Quant Qwen3.6-27B on 16GB VRAM with 100k context length

Posted by Due-Project-7507@reddit | LocalLLaMA | View on Reddit | 13 comments

I have experimented how to run Qwen3.6-27B on my laptop with an A5000 16GB GPU. I have created an own IQ4_XS GGUF "qwen3.6-27b-IQ4_XS-pure.gguf" with the Unsloth imatrix and compared the mean KLD of it with other quants.

You can see that I also have tested different turboquant versions. It looks that the buun-llama-cpp fork is better than the TheTom/llama-cpp-turboquant fork.
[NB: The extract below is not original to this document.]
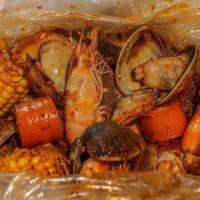 Seafood Boil Pot · cajun-style boil, manila clams, shrimp, corn, hot links with spicy lemon pepper garlic sauce.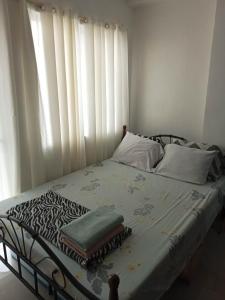 een bed in een slaapkamer met een raam met witte gordijnen bij Kassel Residences Staycation Near NAIA - Moonwalk Paranaque in Manilla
If you want to try my version, you can do the following:

  1. Download my GGUF from Huggingface. It already contains an improved chat template base on this one

  2. Clone buun-llama-cpp from https://github.com/spiritbuun/buun-llama-cpp

  3. Build it, I have used on Windows

    cmake -B build -G Ninja -DGGML_CUDA=ON -DCMAKE_C_COMPILER=clang-cl -DCMAKE_CXX_COMPILER=clang-cl cmake --build build --config Release -j 16

  4. Check e.g. with nvidia-smi that the GPU VRAM is all free

  5. Run it like, I have used this command:

    build/bin/llama-server --model qwen3.6-27b-IQ4_XS-pure.gguf --alias qwen3.6-27b -np 1 -ctk turbo3_tcq -ctv turbo3_tcq -c 100000 --fit off -ngl 999 --no-mmap -fa on --temp 0.6 --top-p 0.95 --top-k 20 --min-p 0.0

  6. To use it on OpenCode, I use this \~/.config/opencode/opencode.json file:

    {   "$schema": "https://opencode.ai/config.json",   "plugin": [     "opencode-anthropic-auth@latest",     "opencode-copilot-auth@latest"   ],   "share": "disabled",   "provider": {     "llama.cpp": {       "npm": "@ai-sdk/openai-compatible",       "name": "llama.cpp (OpenAI Compatible)",       "options": {         "baseURL": "http://127.0.0.1:8080/v1",         "apiKey": "1234"       },       "models": {         "qwen3.5-27b": {           "name": "Qwen 3.5 27B",           "interleaved": {             "field": "reasoning_content"           },           "limit": {             "context": 100000,             "output": 32000           },           "temperature": true,           "reasoning": true,           "attachment": false,           "tool_call": true,           "modalities": {             "input": [               "text"             ],             "output": [               "text"             ]           },           "cost": {             "input": 0,             "output": 0,             "cache_read": 0,             "cache_write": 0           }         }       }     }   },   "agent": {     "code-reviewer": {       "description": "Reviews code for best practices and potential issues",       "model": "llama.cpp/qwen3.5-27b",       "prompt": "You are a code reviewer. Focus on security, understandability, conciseness, maintainability and performance."     },     "plan": {       "model": "llama.cpp/qwen3.5-27b"     }   },   "model": "llama.cpp/qwen3.5-27b",   "small_model": "llama.cpp/qwen3.5-27b" }

I get around 21 tokens/s generation speed/ 550 tokens/s prompt processing in the beginning, later it goes down to around 14 tokens/s (485 tokens/s prompt processing) at 15k context.